The Traditionalist attitude towards continuity with the past has other implications. Rubricarius says we have something in common with the liberals. True: like them we reject Ultramontanism, the position which emphasises Papal authority (or more broadly the authority of the Holy See) over other sources of authority and information, such as Scripture, Tradition, and Councils.
As I see it Liberalism replaces Ultramontanism with an inconsistent view of what we should take most seriously as Catholics. It places Vatican II at the heart of things; yet VII only has authority as a General Council, so it is inconsistent to emphasise VII at the expense of other Geneal Councils. Using (one interpretation of) VII to reject VI and Trent, for example, just doesn't make sense.
Liberals and Conservatives have something in common, it seems to me: a disinclination to make distinctions between different levels of authority in post-conciliar Church statements. Liberals reject them all (as they see fit) without distinctioin, and Conservatives regard them all as equally binding.
This is broad-brush stuff. But I've noticed Conservatives get very impatient with Trads when we point out, for example, that various positions are merely the private opinions of recent Popes, or have not been properly promulgated, or only come from a dicastery etc.. Of course this impatience follows from Ultramontanism.
Like many trads I used to be a Conservative, so when I talk about or criticise Conservativism I am in part talking about my own former self. I can see now that I used to want to live in organic continuity with previous generations of Catholics, but within the limts set by Ultramontanism. So, because this or that had been approved (note: approved, not declared infallible) by recent Popes, I thought I ought to go along with it. When I finally saw the error of Ultramontanism, my traditionalist instinct was able to develop more fully.
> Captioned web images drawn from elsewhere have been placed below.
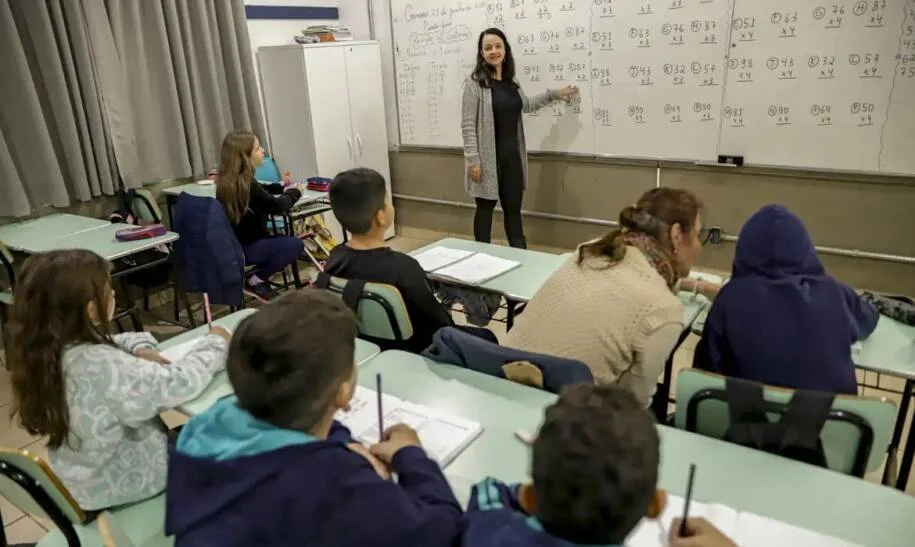 Senado aprova MP de Lula que garante piso de R$ 5.130 para professores em 2026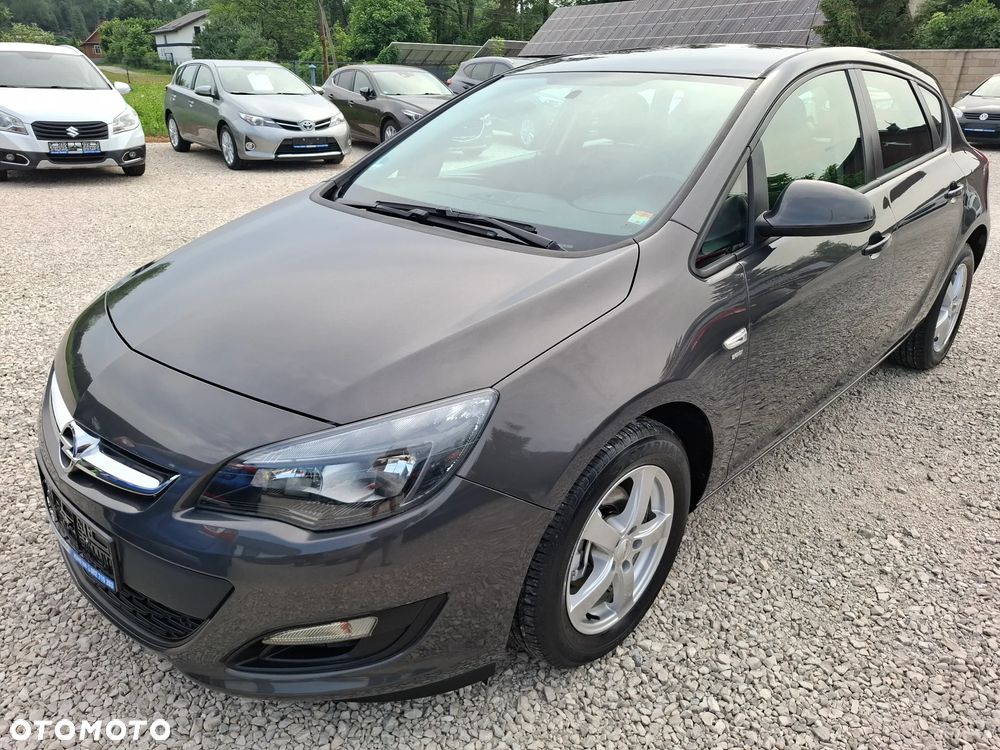 Opel Astra 1.6 Innovation 110 Jahre - 3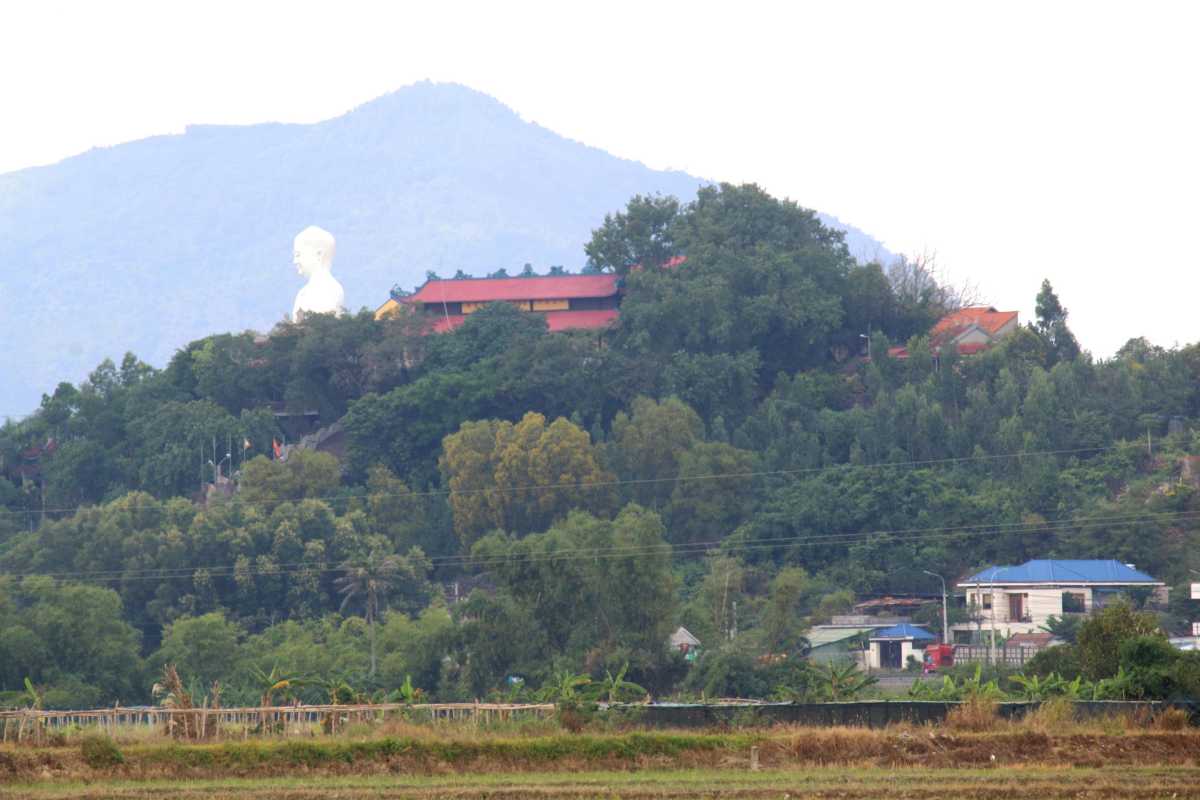 Traditional wooden entrance gate decorated with Vietnamese motifs at Tong Lam Lo Son Pagoda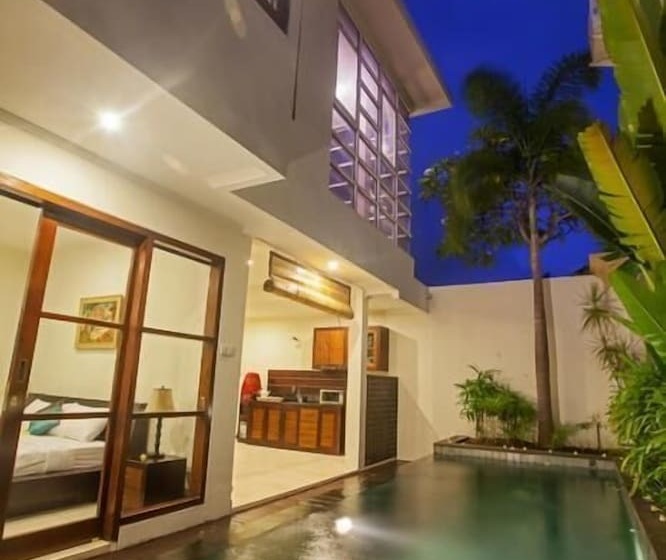فندق Munari Villa And Spa Batubulan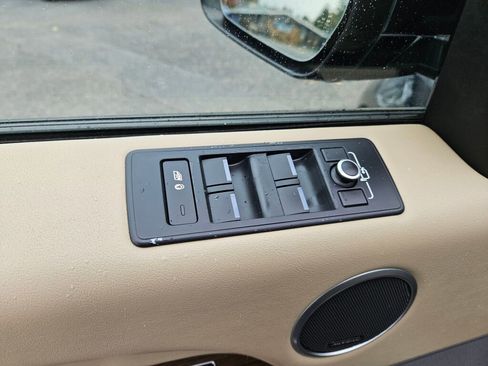 Used 2016 Land Rover Range Rover Sport HSE image 16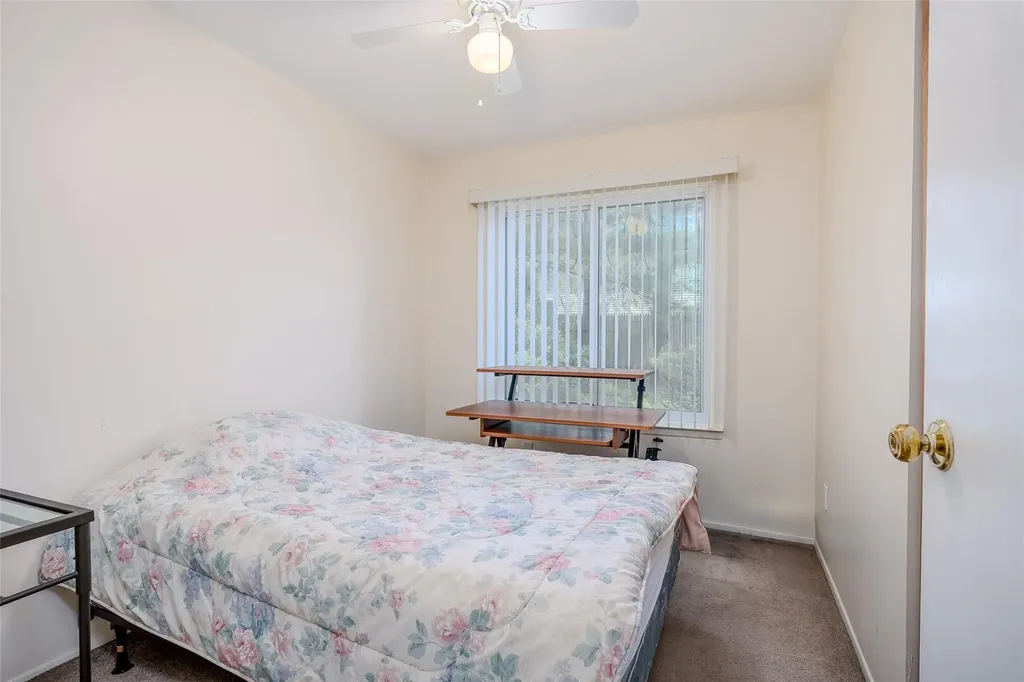 37 Glenmere Lane Coram NY 11727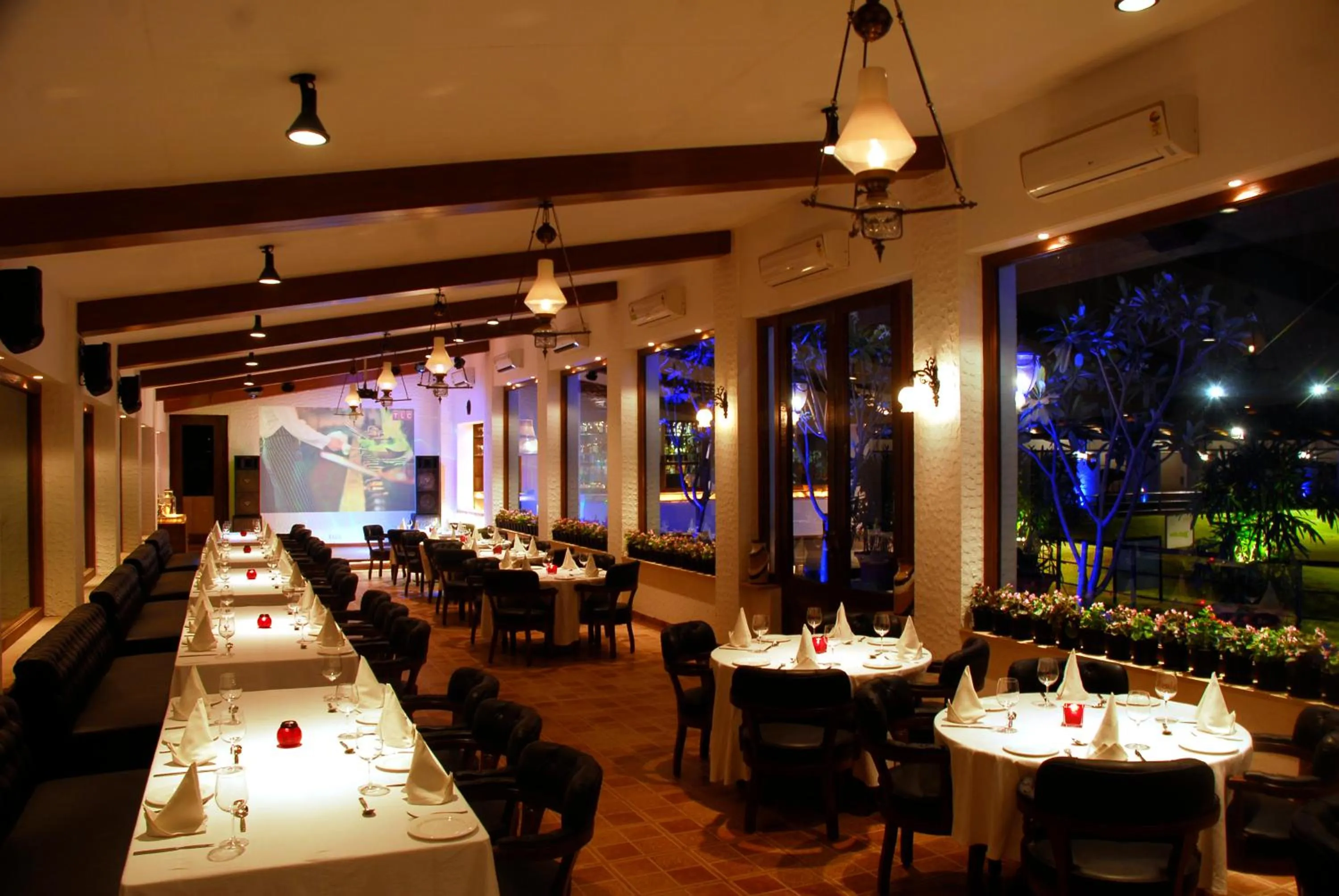 Restaurant/places to eat in Della Resorts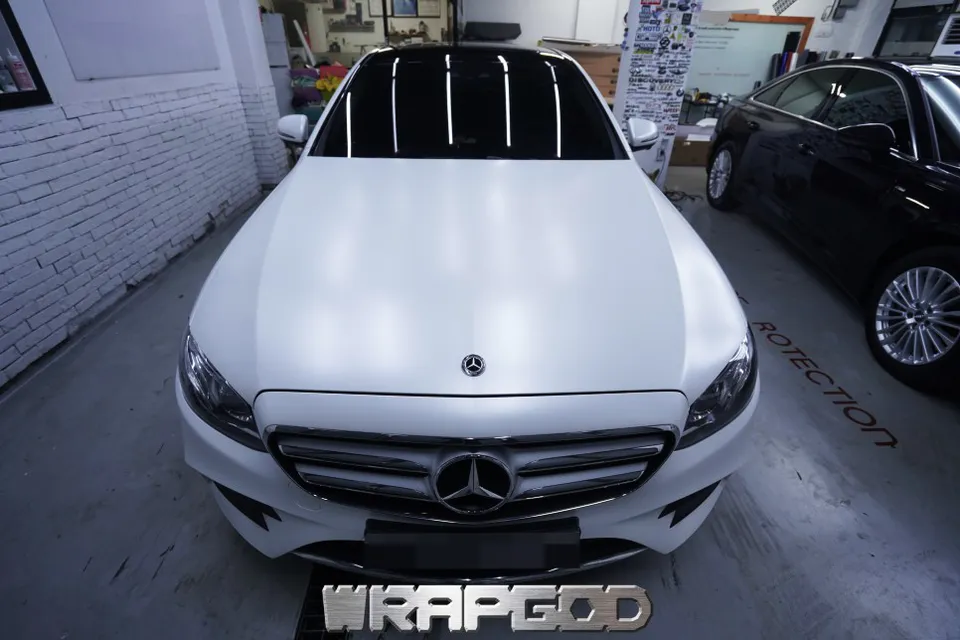 Mercedes-Benz E300 vinyl wrap - Mercedes-Benz E300 Vinyl Wrap Review: Satin White Pearl photo 5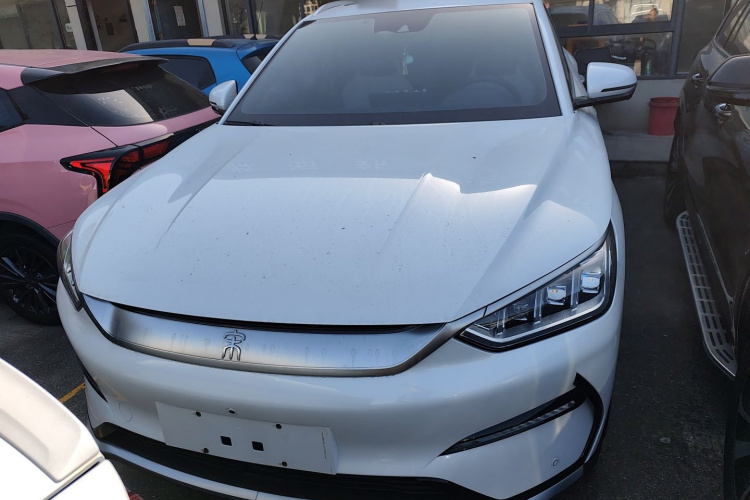 比亚迪 宋PLUS新能源 2021款 EV 旗舰型车身外观2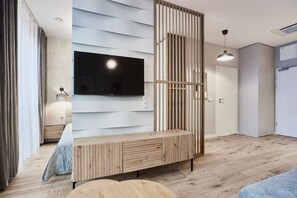 Superior Apartment | Living area | 14-inch LCD TV with cable channels - Apartamenty Świnoujście - Seaside Garden (Swinoujscie)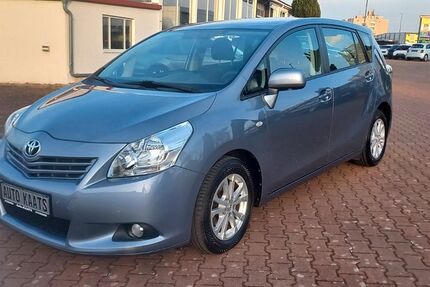 Toyota Verso 164.011 km 6.900 &euro; Trossingen 78647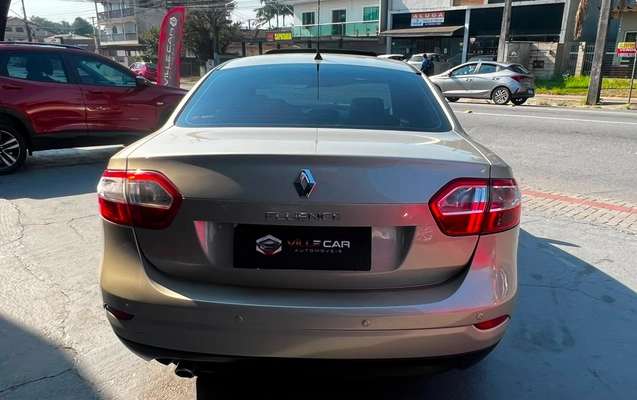 imagem-https://www.socarrao.com.br/sc-vehicle-images-prod/3548444/1788198350082-cf790711b4d547fd9811197ba03118e3_1788198271957.jpg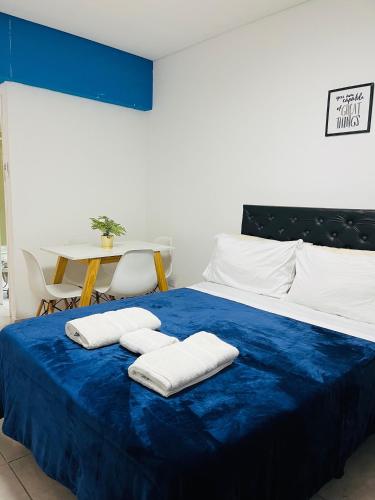 Studio Apart 410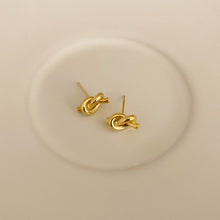 Load image into Gallery viewer, [mattoi] Pretzel Knots Earrings
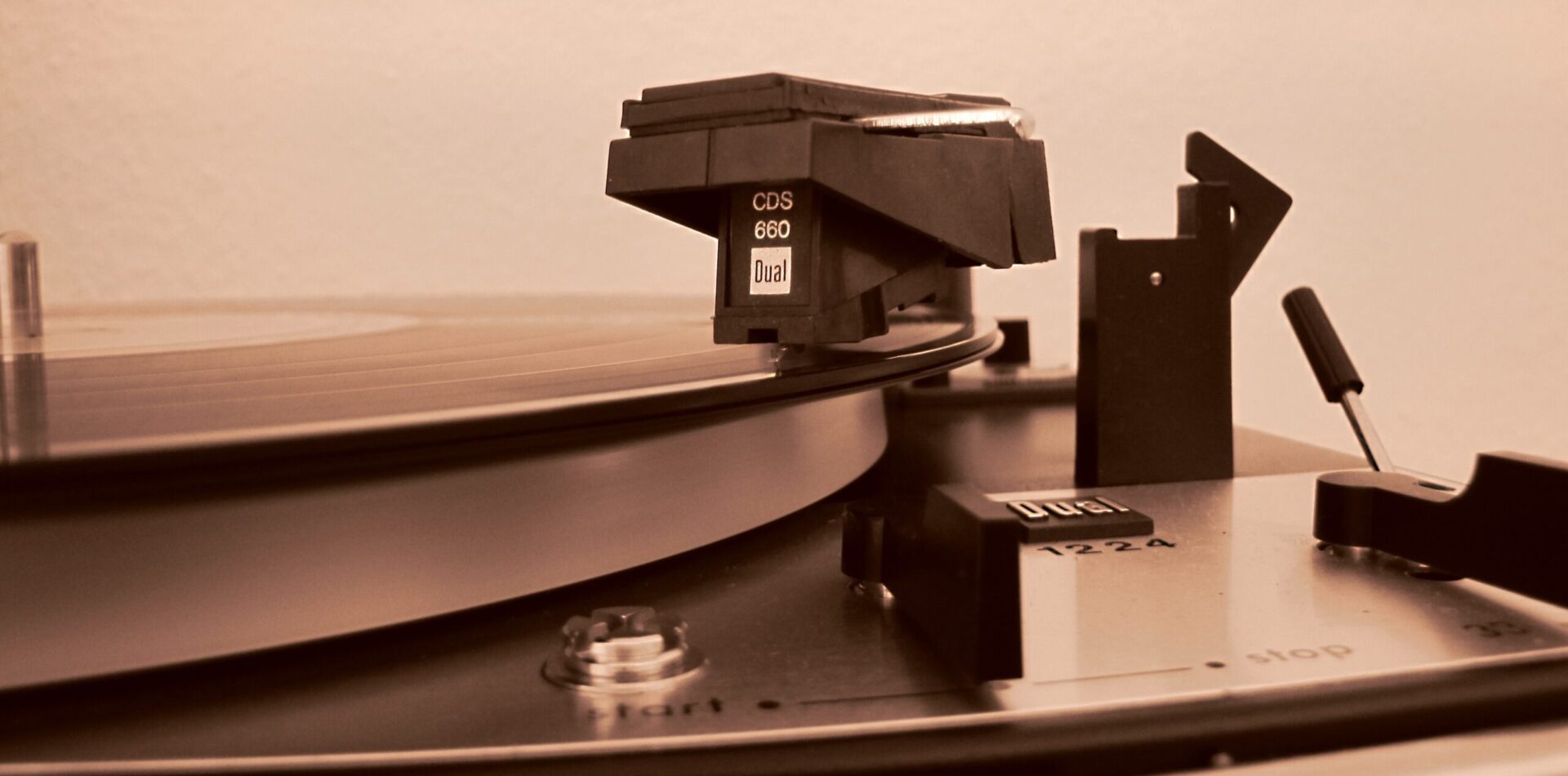 La phonothèque de l'Abbaye de Saint-Maurice contient plus de 40'000 pièces | © Weissben/Pixabay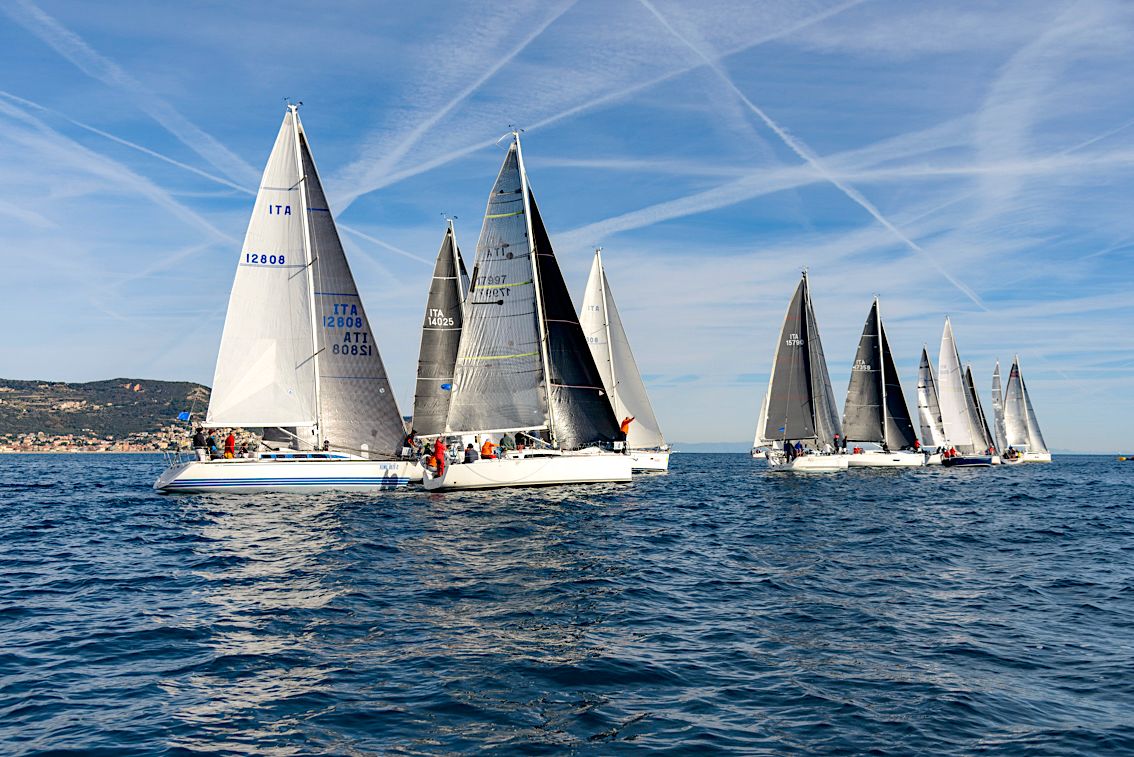 Campionato Invernale di Marina di Loano 2024/2025: le prime regate in programma nel fine settimana del 9 e 10 novembre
The error of Ultramontanism is easy to see, with hindsight, because it is rejected not only by Liberals and Trads but also by the Pope and the Papal Magisterium. In the chaotic decades which have followed the Council, Papal teaching has often been a lifeline for Catholics who wanted to see traditional teachings reiterated; it is natural that Conservatives have clung on to it. It is understandable, but obviously wrong, to take this to an extreme and start saying that whatever the Pope, or some Vatican department, makes a friendly off-the-cuff remark about must be imposed on everyone by next Tuesday, and the Popes themselves would regard this attitude as absurd.
Hence we find a frequent contrast between what Popes have said about their own positions, and how Conservatives have applied those positions. So Paul VI said that Natural Family Planning
can be legitimate in certain circumstances. And you get Catholics who regard themselves as Conservative saying that all Catholics preparing for marriage should be drilled in it. John-Paul II said that the Luminous Mysteries of the Rosary
might be found helpful, and Conservative presses suddenly pulp all their books on the Rosary so they could add the new mysteries, and conservative parishes insist on having them. Benedict XVI carefully explains that his books are not papal teaching, but his opinions as a private doctor, but Conservatives promote them without such a warning and they are printed wrapped in the papal colours.
I'm not saying these applications are wrong. But they illustrate the attempts of Conservatives to be - as the phrase has it - more Catholic than the Pope. If you listen to the Popes you get a complex and nuanced view of Papal authority; if you listen to Conservatives, too often you do not.